In the summer of 1910, Mahler's life was in crisis.  His wife Alma was having a passionate affair with the architect Walter Gropius[1].

Mahler was exhausted and sick. From 1907, he had been suffering from a heart condition, which Alma described as a 'virtual death sentence.' He was still haunted by the death of his young daughter, Maria from scarlet fever in August, 1907. Mahler was constantly dwelling on the past: his troubled upbringing, his feeling of being an outsider, religion and death. He was also wearied by a lack of public understanding of his music and battered by the politics and workload of being the world's leading conductor.   These tensions, which were essential ingredients and topics for his music, were wrecking his marriage and Alma suggested that he consult Sigmund Freud.

Mahler sent Freud a letter asking for a consultation, which was duly arranged.  Mahler cancelled three times, finally agreeing to meet Freud in Leiden in Holland whilst both were on their summer holidays.  Mahler was writing his 10th Symphony and left his summerhouse in Toblach to travel to Holland where Freud was on holiday with his family.  The two met at a hotel so Mahler was not to sit back on Freud's famous consulting couch!  Instead the two went for a four-hour walk.  Despite both living in Vienna, this was their only meeting.

Freud was impressed with Mahler's understanding of psychoanalysis.  This should come as no surprise as Mahler was extremely well read and his music displays an incredible self-awareness: an understanding of his own mind, emotions and how these relate to the world around him.  Both men were from the same cultural environment and both were Jewish. Mahler and Freud were ground- breaking, internationally renowned figures in their respective fields and both understood what it meant to be an outsider in an increasingly anti-Semitic world.

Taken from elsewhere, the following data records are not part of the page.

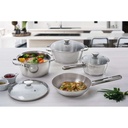 VR. 4PCS COOKWARE SET ALLEGRA 65650/326 TRAMONTINA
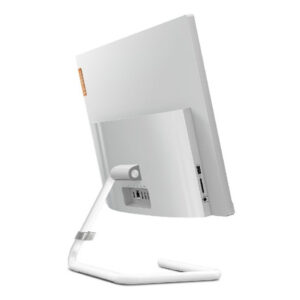 Lenovo IdeaCentre 24IIL5 (Intel i3-1005G1/ DDR4 8GB/ SSD 256GB / 23,8 IPS FHD LCD/ Integrated Intel UHD Graphics/ No DVD/ Keyboard + mouse/ RU) White (F0FR0083RK)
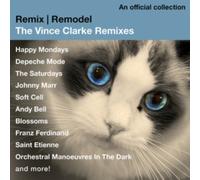 V/A - Remix/Remodel - The Vince Clarke Remixes - CD - M4z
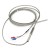 FTARP08 K type 3*800mm 321 stainless steel flexible probe 1.5m metal screening cable thermocouple temperature sensor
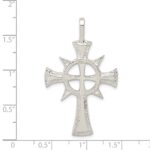 Sterling Silver Iona Cross Pendant - Image 4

Both were family men yet had complicated relationships with women.  Both were self-obsessed.

Here the similarities end.  Freud was no great lover of music and famously only ever enjoyed Mozart's Zauberflöte.  Music was Mahler's life.

Perhaps the reason why Mahler cancelled his initial meetings with Freud was that he felt he knew his own mind and as a leading conductor, was used to being a strong leader. As a public figure, his emotions were unleashed in his conducting and composition: his life revolved around music. He had to be disciplined, self-critical and focused to be a great musician - he had no need for external analysis.  Mahler's domestic life was organized around him and his work but his obsession with work was a factor that had contributed to a crisis in his marriage. 

Another contributing factor was that Gustav Mahler was much older than his wife.  Gustav Mahler met Alma Schindler[2] in November 1901.  Alma was a promising composer studying with Alexander von Zemlinsky[3].  Beautiful, clever and young, Gustav Mahler was besotted. Mahler was one of the most famous musicians in Vienna as Music Director of the Vienna Court Opera and although twenty years her senior and with reservations from both families, he married Alma on 9th March 1902.  Although they were clearly deeply in love, Alma soon became fundamental to organizing a domestic life that could enable Gustav to compose and conduct: her own aspirations to be a composer were put on hold to focus her energies on her husband.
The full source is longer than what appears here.